▶ Exercise directions
Each entry is to be restated word for word, with nothing omitted.

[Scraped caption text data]
※

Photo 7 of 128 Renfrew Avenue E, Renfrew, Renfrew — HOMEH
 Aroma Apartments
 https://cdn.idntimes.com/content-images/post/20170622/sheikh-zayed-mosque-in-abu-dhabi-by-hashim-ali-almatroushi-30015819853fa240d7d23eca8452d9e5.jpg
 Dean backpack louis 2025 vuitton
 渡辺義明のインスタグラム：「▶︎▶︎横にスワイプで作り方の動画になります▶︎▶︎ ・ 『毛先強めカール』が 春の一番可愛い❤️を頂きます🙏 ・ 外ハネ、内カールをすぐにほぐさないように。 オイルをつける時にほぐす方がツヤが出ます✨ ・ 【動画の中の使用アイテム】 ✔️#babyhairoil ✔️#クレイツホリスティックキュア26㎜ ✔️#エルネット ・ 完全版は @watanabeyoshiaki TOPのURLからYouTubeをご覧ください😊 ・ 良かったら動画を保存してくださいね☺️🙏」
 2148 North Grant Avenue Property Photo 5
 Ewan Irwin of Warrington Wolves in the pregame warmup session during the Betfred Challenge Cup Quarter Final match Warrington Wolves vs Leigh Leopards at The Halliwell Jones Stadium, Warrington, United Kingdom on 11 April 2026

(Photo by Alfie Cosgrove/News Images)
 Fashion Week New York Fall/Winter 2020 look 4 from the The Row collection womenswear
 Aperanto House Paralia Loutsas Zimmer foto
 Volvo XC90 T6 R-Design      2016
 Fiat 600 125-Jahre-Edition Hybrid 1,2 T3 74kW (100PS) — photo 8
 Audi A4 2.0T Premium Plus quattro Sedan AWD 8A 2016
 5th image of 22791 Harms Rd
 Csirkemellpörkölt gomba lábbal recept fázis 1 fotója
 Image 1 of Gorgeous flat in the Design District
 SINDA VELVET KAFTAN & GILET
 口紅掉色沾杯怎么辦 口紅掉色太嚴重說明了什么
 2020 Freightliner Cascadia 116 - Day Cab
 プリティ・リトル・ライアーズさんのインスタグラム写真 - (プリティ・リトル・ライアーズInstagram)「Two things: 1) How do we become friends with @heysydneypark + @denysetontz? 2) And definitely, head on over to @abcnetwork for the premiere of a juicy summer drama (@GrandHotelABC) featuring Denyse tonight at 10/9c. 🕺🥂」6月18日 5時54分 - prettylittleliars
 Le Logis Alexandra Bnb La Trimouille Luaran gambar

※

▶ Exercise response
Photo 7 of 128 Renfrew Avenue E, Renfrew, Renfrew — HOMEH
 Aroma Apartments
 https://cdn.idntimes.com/content-images/post/20170622/sheikh-zayed-mosque-in-abu-dhabi-by-hashim-ali-almatroushi-30015819853fa240d7d23eca8452d9e5.jpg
 Dean backpack louis 2025 vuitton
 渡辺義明のインスタグラム：「▶︎▶︎横にスワイプで作り方の動画になります▶︎▶︎ ・ 『毛先強めカール』が 春の一番可愛い❤️を頂きます🙏 ・ 外ハネ、内カールをすぐにほぐさないように。 オイルをつける時にほぐす方がツヤが出ます✨ ・ 【動画の中の使用アイテム】 ✔️#babyhairoil ✔️#クレイツホリスティックキュア26㎜ ✔️#エルネット ・ 完全版は @watanabeyoshiaki TOPのURLからYouTubeをご覧ください😊 ・ 良かったら動画を保存してくださいね☺️🙏」
 2148 North Grant Avenue Property Photo 5
 Ewan Irwin of Warrington Wolves in the pregame warmup session during the Betfred Challenge Cup Quarter Final match Warrington Wolves vs Leigh Leopards at The Halliwell Jones Stadium, Warrington, United Kingdom on 11 April 2026

(Photo by Alfie Cosgrove/News Images)
 Fashion Week New York Fall/Winter 2020 look 4 from the The Row collection womenswear
 Aperanto House Paralia Loutsas Zimmer foto
 Volvo XC90 T6 R-Design      2016
 Fiat 600 125-Jahre-Edition Hybrid 1,2 T3 74kW (100PS) — photo 8
 Audi A4 2.0T Premium Plus quattro Sedan AWD 8A 2016
 5th image of 22791 Harms Rd
 Csirkemellpörkölt gomba lábbal recept fázis 1 fotója
 Image 1 of Gorgeous flat in the Design District
 SINDA VELVET KAFTAN & GILET
 口紅掉色沾杯怎么辦 口紅掉色太嚴重說明了什么
 2020 Freightliner Cascadia 116 - Day Cab
 プリティ・リトル・ライアーズさんのインスタグラム写真 - (プリティ・リトル・ライアーズInstagram)「Two things: 1) How do we become friends with @heysydneypark + @denysetontz? 2) And definitely, head on over to @abcnetwork for the premiere of a juicy summer drama (@GrandHotelABC) featuring Denyse tonight at 10/9c. 🕺🥂」6月18日 5時54分 - prettylittleliars
 Le Logis Alexandra Bnb La Trimouille Luaran gambar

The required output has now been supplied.